Bei uns steht wieder alles in den Startlöchern für die Frankfurter Buchmesse: Zahlreiche Neuerscheinungen der deutschsprachigen und internationalen Literatur wollen entdeckt werden. Wir haben die Romane zusammengetragen, die unsere Kolleginnen der Presseabteilung jetzt besonders empfehlen. Hier kommt Teil 1 mit Annette Hess, Wolf Wondratschek und dem Kollektiv Weiter Schreiben.
Annette Hess: „Deutsches Haus“

MEIKE BLATNIK
Ihre Fernsehserien sind Kult – mit Weissensee und Kudamm `56 & `59 hat Annette Hess sich in die Herzen eines breiten Publikums geschrieben. Ihr Markenzeichen: Zeitgeschichte erfahrbar machen und dabei gut unterhalten.

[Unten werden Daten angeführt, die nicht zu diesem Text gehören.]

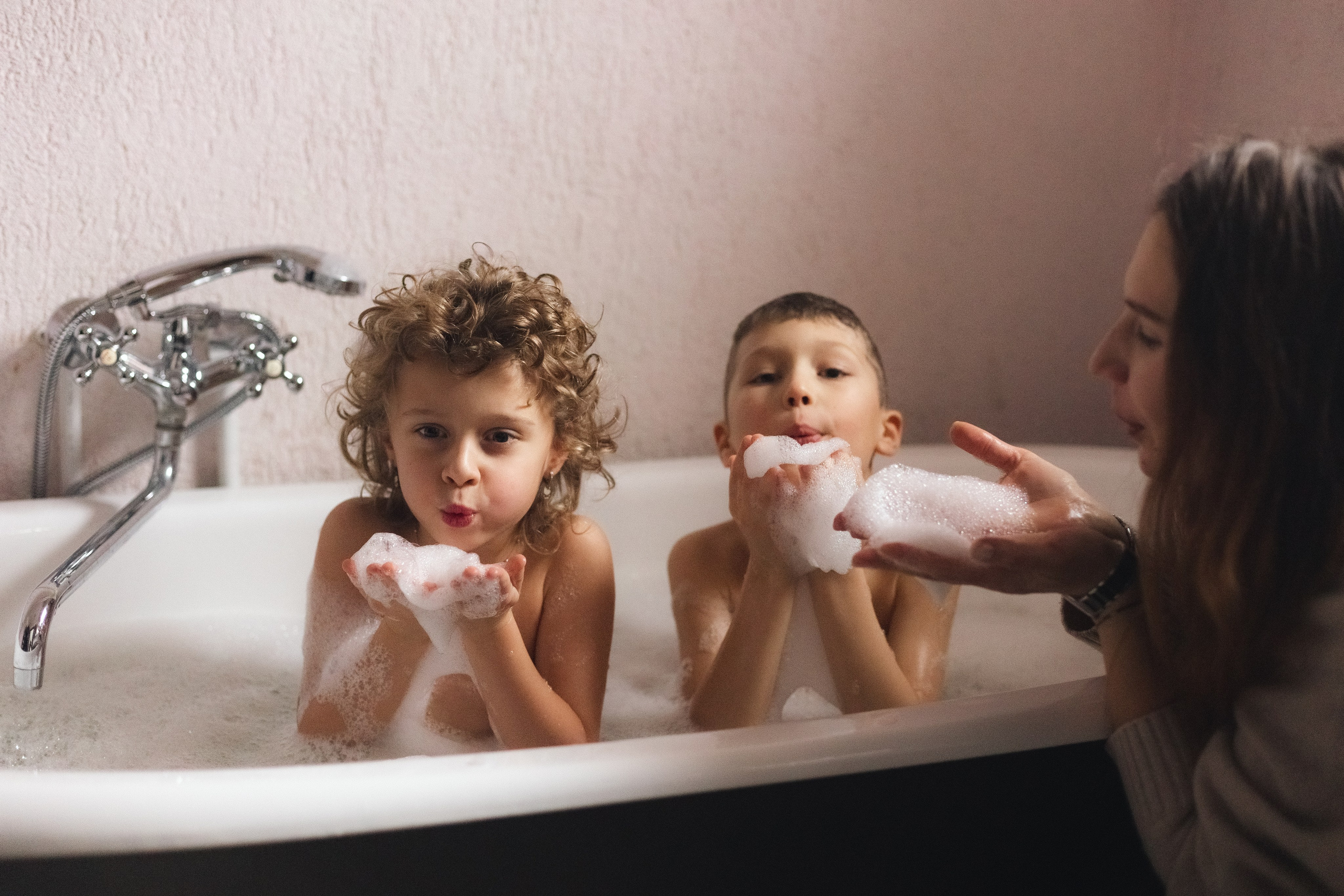 Когда на улице холодно. Фотограф из Петербурга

Wie gut sie das kann, zeigt Hess jetzt in ihrem ersten Roman „Deutsches Haus“. Wieder widmet sie sich einem ernsten, deutschen Thema – den Frankfurter Auschwitzprozessen, die sich ab 1963 um die Aufarbeitung der Gräueltaten der Nationalsozialisten bemühten.
Im Mittelpunkt dieser Familiengeschichte steht die junge Eva, die während des Prozesses dolmetscht. Das, was sie dort zum ersten Mal hört, erschüttert sie zutiefst und stößt viele Fragen an, die die Grundfesten ihrer Familie und ihres bisherigen Lebens ins Wanken bringen. Der Roman zeigt, wie facettenreich das Thema Schuld ist. Der schlichte, schnörkellose Stil der drehbuchgeschulten Autorin besticht durch seine Erzählökonomie: Jede Figur befindet sich an ihrem Platz, die Geschichte ist handlungsgetrieben und szenisch geschrieben und lebt nicht zuletzt von seinem Zeitkolorit. „Deutsches Haus“ von Annette Hess ist ein gelungener Debütroman am Puls der Zeit.

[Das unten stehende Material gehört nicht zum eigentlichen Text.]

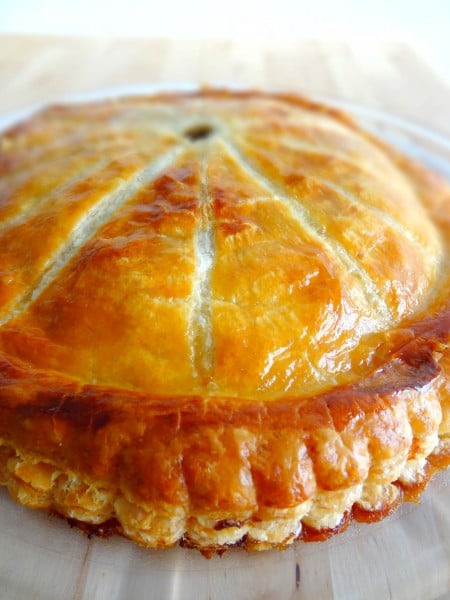 Tourte vigneronne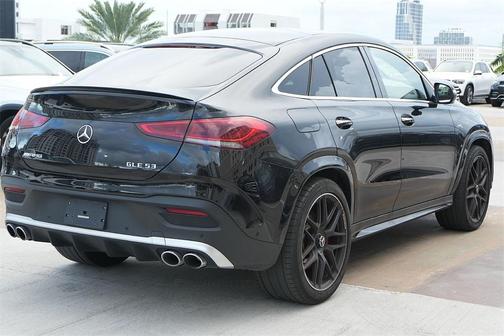 2023 Mercedes-Benz AMG GLE 53 Base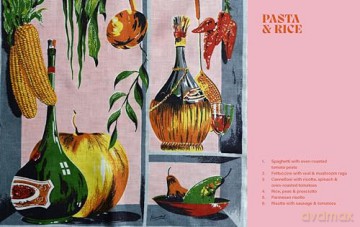 At Nonnas Table - Paola Bacchia [KSIĄŻKA]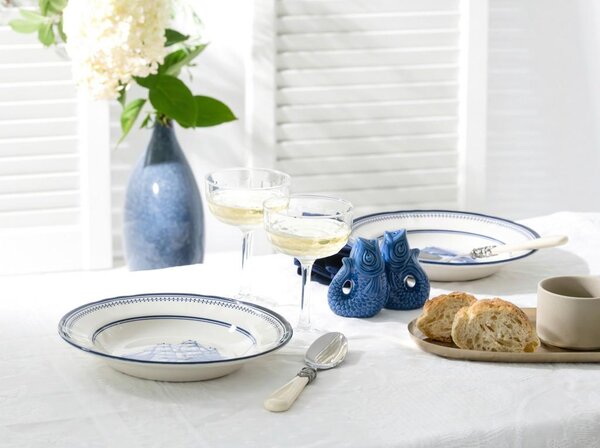 Creatable Jedilni Servis Sailing Ship, 12-Delni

Wolf Wondratschek: „Selbstbild mit russischem Klavier“

CHRISTINE HEINRICH
„Selbstbild mit russischem Klavier“ von Wolf Wondratschek ist ein Roman über die Sehnsucht und Wehmut des Künstlers, eine poetische Reflexion über die Suche nach Wahrheit und Wahrhaftigkeit in der Kunst und eine kleine Philosophie des Lebens.
Dies alles erzählt in einer höchst eleganten Sprache, der es gelingt, präzise und, seinen Gegenstand, seine Themen umspielend, unbestimmt zugleich zu sein – ein Buch, das dafür da ist, langsam, genau, verweilend, genießend, nachdenkend (und, wie der Autor kürzlich sagte, gern mit Bleistift) gelesen zu werden!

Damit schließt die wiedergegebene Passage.